Ganz konkret werden die neuen Autos so aussehen: Der Frontflügel ist einfacher konzipiert, die neuen 18-Zoll-Reifen ermöglichen in Verbindung mit der Unterboden-Form weniger Verwirbelungen hinter dem Vorderreifen; weniger aerodynamische Einzelteile (alles, was ein Formel-1-Auto eher hässlich macht) verursachen weniger Abtrieb.

Natürlich fällt der Abtrieb nicht weg. Er wird nur nicht länger hauptsächlich mit den Flügeln auf der Oberseite des Autos erzeugt werden - sondern über den Unterboden. Dort gibt es künftig Luftkanäle, die einen Unterdruck erzeugen, mit dessen Hilfe sich das Auto förmlich am Boden festsaugt. Es wird also ein Revival der sogenannten "Ground-Effect-Autos" geben, die es in der Formel 1 in den Siebziger- und Achtzigerjahren gab.

Die Autos werden schwerer sein als bisher, sicherer - und langsamer

Kritiker monieren, dass die neuen Autos nicht nur wuchtiger aussehen, sondern auch mehr wiegen. Schon die 752 Kilogramm der aktuellen Rennwagen halten Motorsport-Puristen für zu viel. Die neuen Wagen werden 790 Kilogramm auf die Waage bringen, was zum Teil auch den Crash-Eigenschaften geschuldet ist, die weiter optimiert wurden. Vor allem aber werden die Flitzer der nächsten Generation langsamer werden. Wohl nicht um drei Sekunden pro Runde, was vor allem die Fahrer befürchteten, allerdings garantiert um eine halbe Sekunde.

Es klingt sehr technisch, was da passiert ist; aber man muss es so sehen: Sie verändern den Technik-Sport unter Zuhilfenahme von noch mehr Technik - mit dem Ziel, dass Technik eine kleinere Rolle spielt und es auf der Strecke, nun ja, menschlicher wird. Dass es auf der Strecke wieder zu packenden Duellen kommt.

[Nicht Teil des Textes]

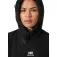 Helly hansen Moletom com capuz Yu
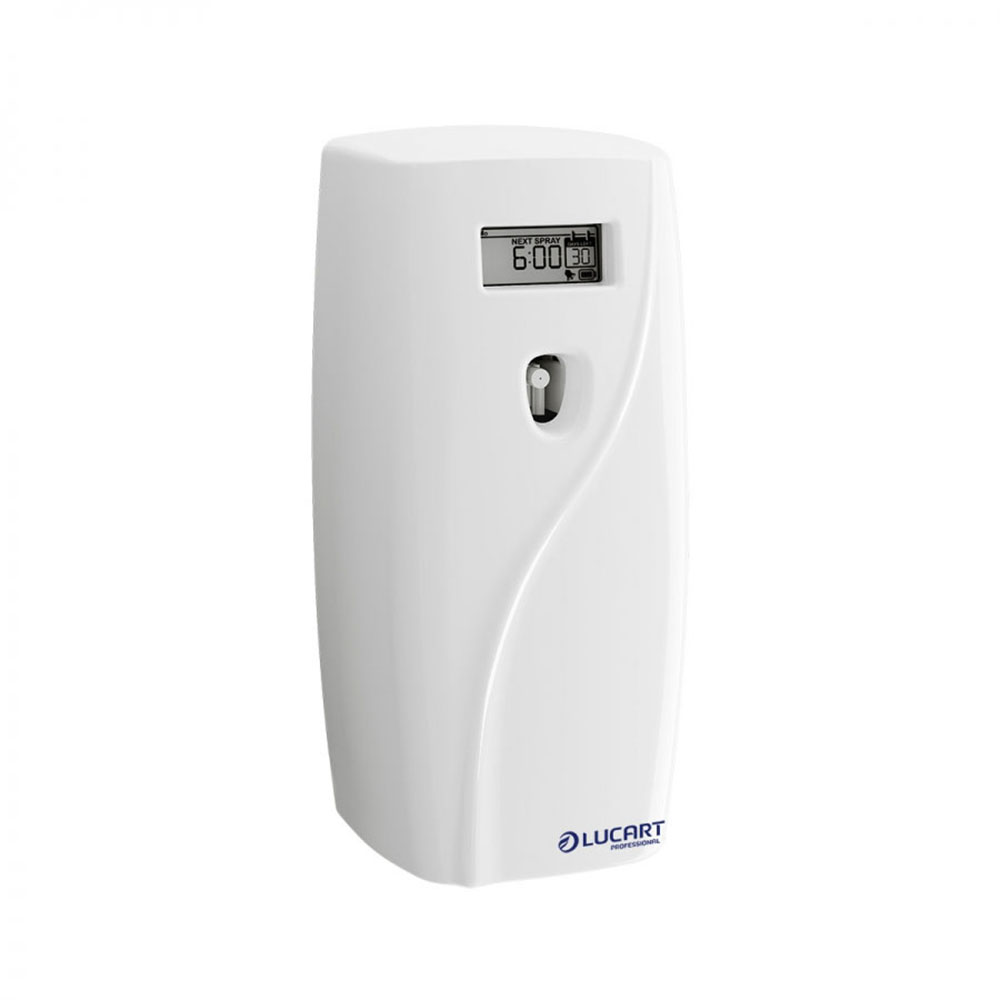 dispenser-parfum-ambiental-identity-spray-white-lucart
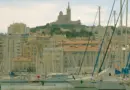 Hervé Martel sauve sa place au Grand port de Marseille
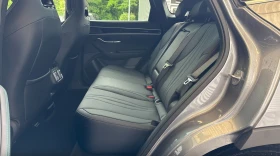 BYD Seal U Comfort | Mobile.bg � ����� ������ 11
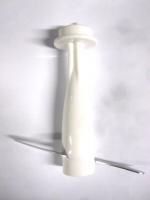 Logo Couteau hachoir blanc 9406934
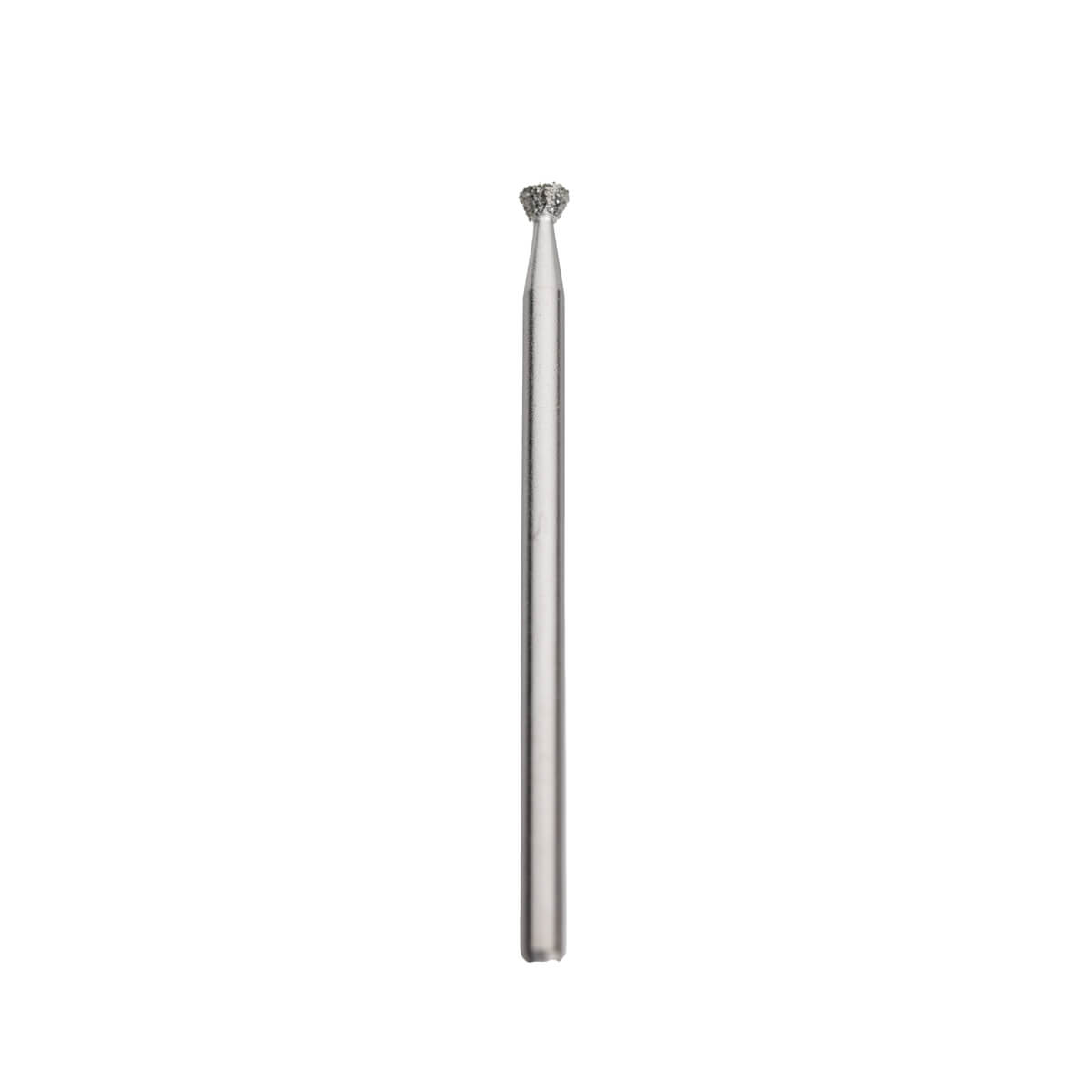 Inverted Cone - 2.7x1.5mm - Diamond Bur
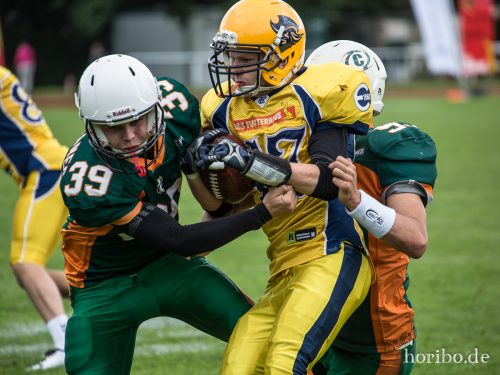 HR-17-07-02-15-28-43-0959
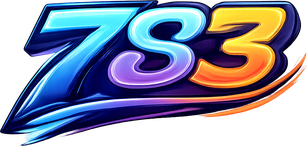 783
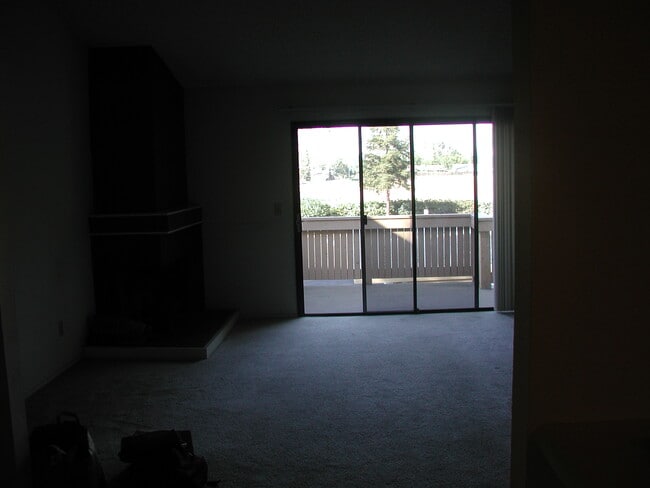 Photo - 3400 Sullivan Ct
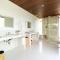 Sanur Residence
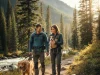Traveling with Pets: Your Guide to Pet-Friendly Adventures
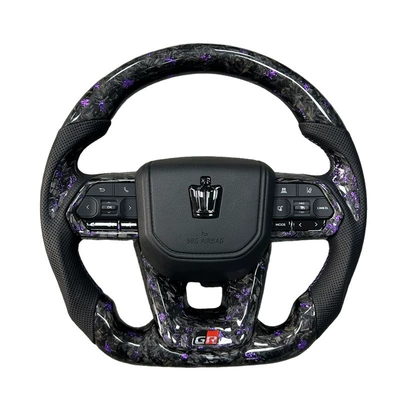 steering wheel for: Toyota Steering wheel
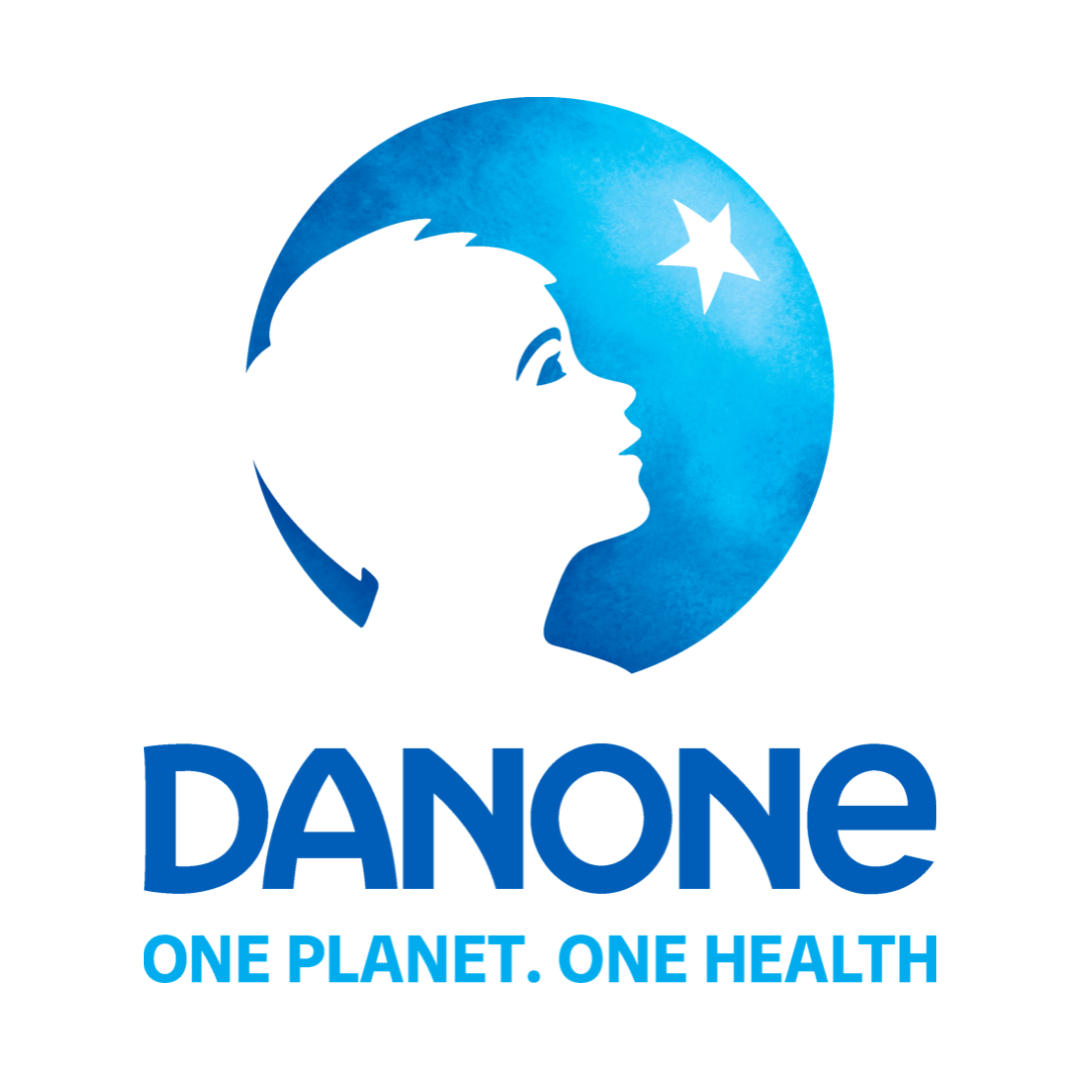 Danone Indonesia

"Es hat ja Nebeneffekte, wenn an der Spitze plötzlich vier oder fünf Autos nahe beisammen sind und miteinander konkurrieren", sagt Rob Smedley: "Die Renntaktik verändert sich, die Boxenstrategie, wenn in Runde 22 mehrere Autos an der Spitze fahren."

Wer sich mit Smedley unterhält, der bemerkt recht schnell, dass dieses neue Auto nur der erste Schritt sein soll. "Wir nutzen gerade mal fünf bis zehn Prozent von dem, was möglich ist - wenn wir den Rest des Eisbergs anpacken, können wir den Sport revolutionieren", sagt er. Also, zum Beispiel: eine Analyse der Rennstrecke und die Reaktion der Reifen auf die Beläge, veränderte Cockpits. Smedley sagt: "Die Mechanismen sind da, wir können nun an den Schrauben drehen."

Nun aber erst mal die kommende Saison und dieses neue Auto, über das Smedley sagt: "Es ist quasi unmöglich, eine Prognose abzugeben, was genau passieren wird." Ist das nicht der Grund, warum die Leute eine Sportart faszinierend finden? Weil sie nicht wissen, was passieren wird.